Ralph Johnson wrote:
If E was automatically free from deadlock, why was this solution so complex?
Because it's trying to illustrate three three issues at once (security, capabilities, concurrency) and consequently fails to illustrate either one very well :-(
It is trivial to solve this problem via event-loop concurrency though. Consider a class Table with operations "grabLeftFork:", "grabRightFork:" (which take a seat index as argument and return the fork or nil). You can now implement the dining philosophers "Croquet style" as follows:
Philosopher>>eat "Start eating" | leftForkPromise rightForkPromise |
"Try to aquire the left fork first" leftForkPromise := table future grabLeftFork: seat. leftForkPromise whenResolved:[:leftFork|
"If we couldn't get the left fork, we need to decide what to do.
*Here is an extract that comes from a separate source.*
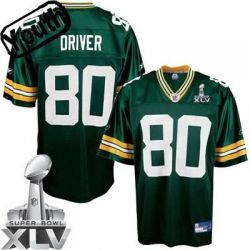 Cheap Donald Driver Packers Youth Jersey #80 Green 2011 Super Bowl XLV From China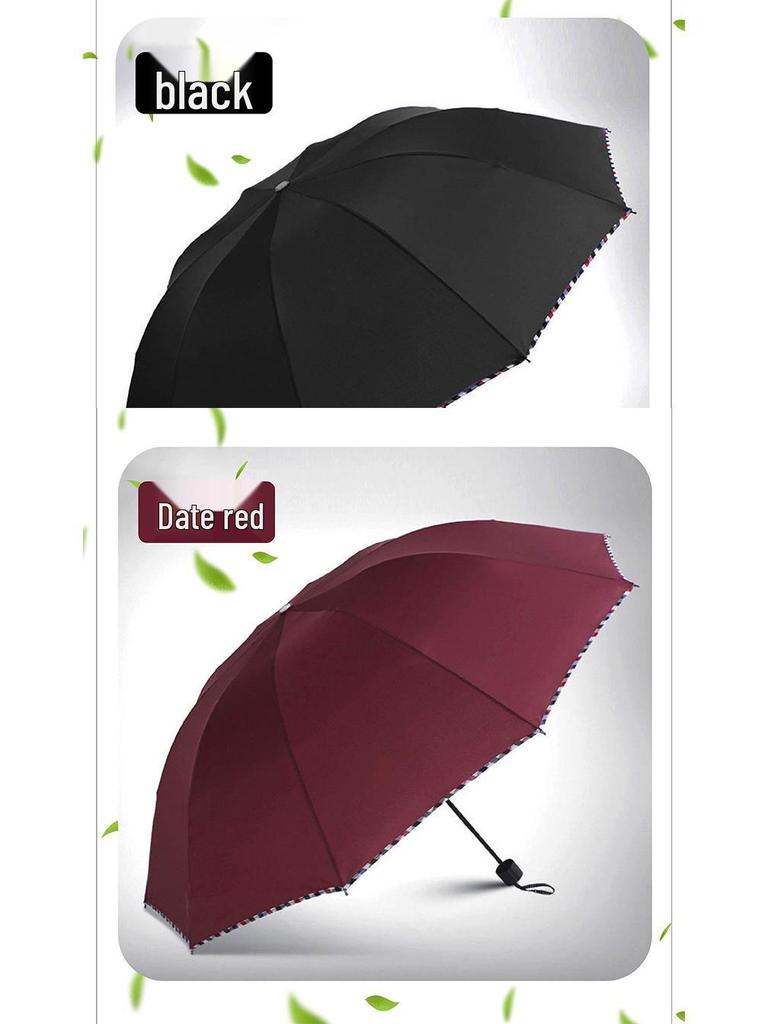 Extra Large Black Glue Edge Business Umbrella - 10 Ribs, British Style, Rain & Sun Protection, Customizable Logo, Perfect for Gifting & Advertising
Simply retry later but use a random amount of time to avoid live-lock" leftFork ifNil:[^(self future: self randomMSecs) eat].
rightForkPromise := table future grabRightFork: seat. rightForkPromise whenResolved:[:rightFork|
rightFork ifNil:[ "Same as before, but return the fork first" table future returnLeftFork: seat. ^(self future self randomMSecs) eat "still hungry" ] ifNotNil:[ "We got both forks, eat" state := #eating.
"And return the forks when time is up" ^(self future: self timeToEat) returnFork: leftFork and: rightFork ]. ]. ].
Note that there is no wait anywhere in the above - the only thing that exists are #future sends that schedule messages to be executed at some point later. Because of this, the philosopher never really "waits" for anything; he will happily keep thinking (or grumbling ;-) until he obtains the forks. Even *while* he is eating one could schedule an emergency request to "drop those forks" if that were necessary.